Menurut Arif, yang paling penting dalam reportase adalah kecermatan dalam mengamati obyek reportase. Selain kejelian, hal ini juga menuntut kesabaran dari wartawan. Sementara kata-kata untuk menyusun tulisan bisa datang belakangan.
”Dalam menulis bukan sekadar menyampaikan fakta, tetapi tukang cerita,” ucapnya. Arif menambahkan, di tengah banyak media yang mengejar kecepatan, masih terdapat beberapa karya jurnalistik yang mengedepankan kedalaman.
Sastrawan Ayu Utami menuturkan, penulisan membutuhkan kemampuan memberi makna pada peristiwa. Ia mencontohkan, dalam tulisan Arif saat meliput Hasan Tiro, Arif menunjukkan kecerdikannya melihat rentetan adegan dalam liputannya.
”Rangkaian peristiwa itu dipecah menjadi beberapa bagian dan diselingi oleh materi-materi yang didapatnya dari bacaan. Jadi, ketika isi pikirannya Hasan Tiro tidak keluar dari mulutnya sendiri, bisa diambil dari bukunya dan penelitian,” jelasnya.
Ayu mengaku mengalami disorientasi terhadap media massa saat ini. Menurut dia, di era sekarang banyak wartawan yang tidak mengerjakan tugasnya seperti melakukan riset sebelum mewawancarai narasumber.
”Banyak wartawan sekarang yang hanya menanyakan pertanyaan yang ada di kertas,” ujarnya.
Dalam buku Media Massa Nasional Menghadapi Disrupsi Digital, dosen Akademi Televisi Indonesia (ATVI) Jakarta, Agus Sudibyo, menyebutkan, ketika trafik telah menjadi paradigma pemberitaan, tren jurnalisme click bait pun mengemuka.
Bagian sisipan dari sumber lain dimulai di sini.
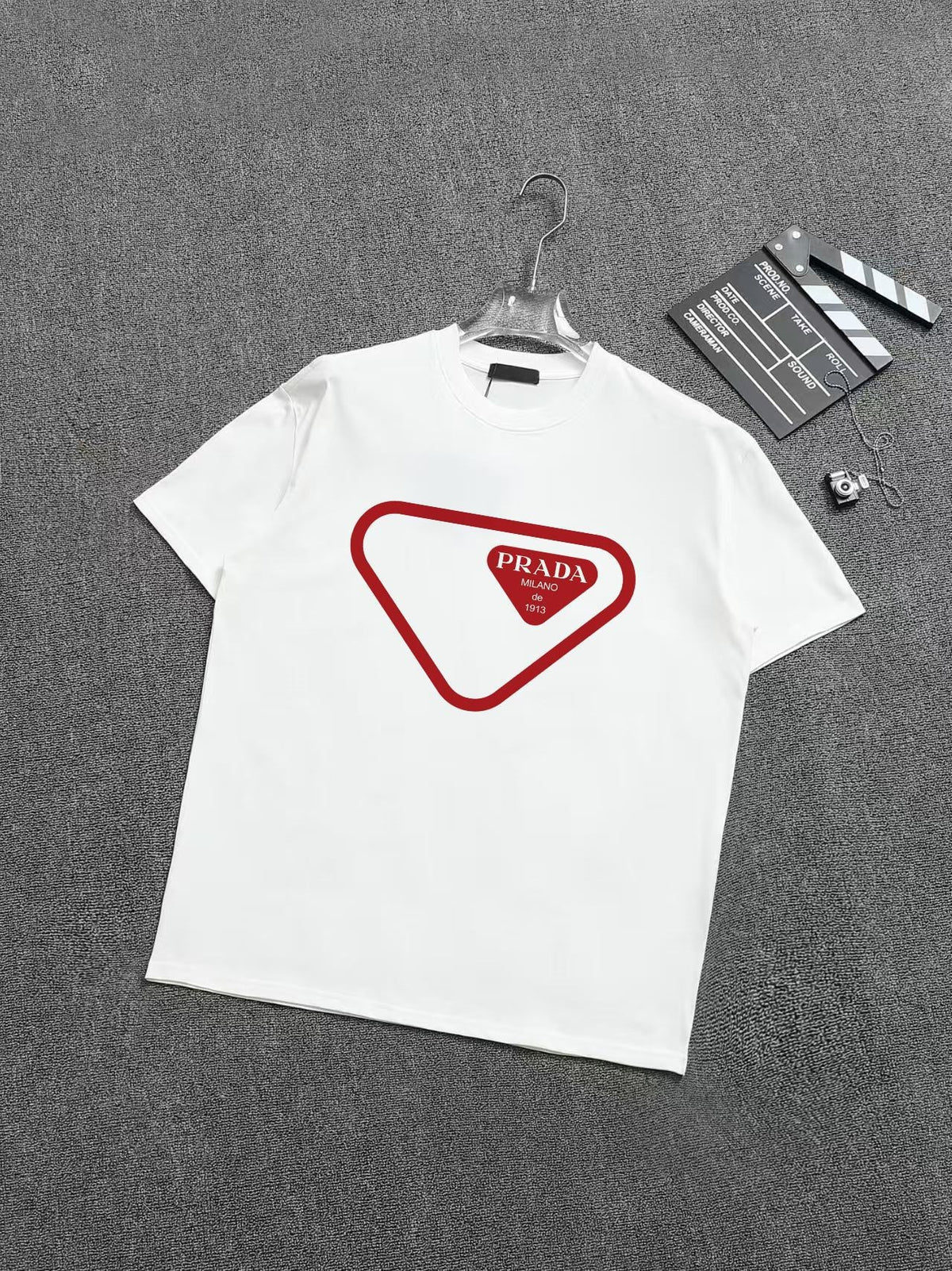 T-shirt Triangles métalliques | Casual été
Media-media siber terdorong untuk lebih mengejar kuantitas berita daripada kualitas.
”Media massa sering memproduksi berita dengan orientasi menghasilkan sebanyak mungkin klik, share, komentar, dan interaksi pembaca di sekitar konten. Upaya mengejar trafik lebih dominan dibandingkan upaya mendiskusikan solusi untuk mengatasi masalah,” tulisnya.